What would be the final temperature of a mixture of 50 g of 15 degrees C water and 50 g of 40 degrees C water?
Since there are equal amounts of water, the final temperature would be the mean of 15 and 40 C, which is 27.5 C.
To find the final temperature of a mixture of two substances, we can use the principle of heat transfer, which states that the heat gained by one substance equals the heat lost by the other substance.

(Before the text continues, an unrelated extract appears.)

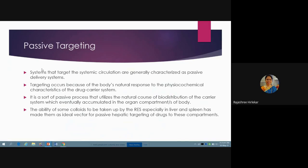What is passive targeting? A system that targets the systemic circulation is generally characterized as a passive delivery system. Here, targeting occurs because of the body's natural response to the physico-chemical characteristics of the drug carrier system. It is a passive process that utilizes the natural course of biodistribution of the carrier system, which eventually accumulates in the organ or compartments of the body.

The equation we can use is:
(m1 * c1 * ΔT1) + (m2 * c2 * ΔT2) = 0
where:
m1 is the mass of the first substance (water in this case),
c1 is the specific heat capacity of the first substance (water),
ΔT1 is the change in temperature of the first substance,
m2 is the mass of the second substance (water),
c2 is the specific heat capacity of the second substance (water),
ΔT2 is the change in temperature of the second substance.
In this case, the mass of both waters is 50 g, and the specific heat capacity of water is approximately 4.18 J/g°C.
Let's plug in the values:
(50 g * 4.18 J/g°C * ΔT1) + (50 g * 4.18 J/g°C * ΔT2) = 0
Now, let's rearrange the equation to solve for the final temperature (ΔTf):
ΔTf = -((ΔT1 * m1 * c1) + (ΔT2 * m2 * c2)) / (m1 * c1 + m2 * c2)
Using the given temperatures and substituting the values:
ΔTf = -((Tf - 15°C) * 50 g * 4.18 J/g°C + (Tf - 40°C) * 50 g * 4.18 J/g°C) / (50 g * 4.18 J/g°C + 50 g * 4.18 J/g°C)
Now, we can solve this equation to find the final temperature (ΔTf) of the mixture of the two waters.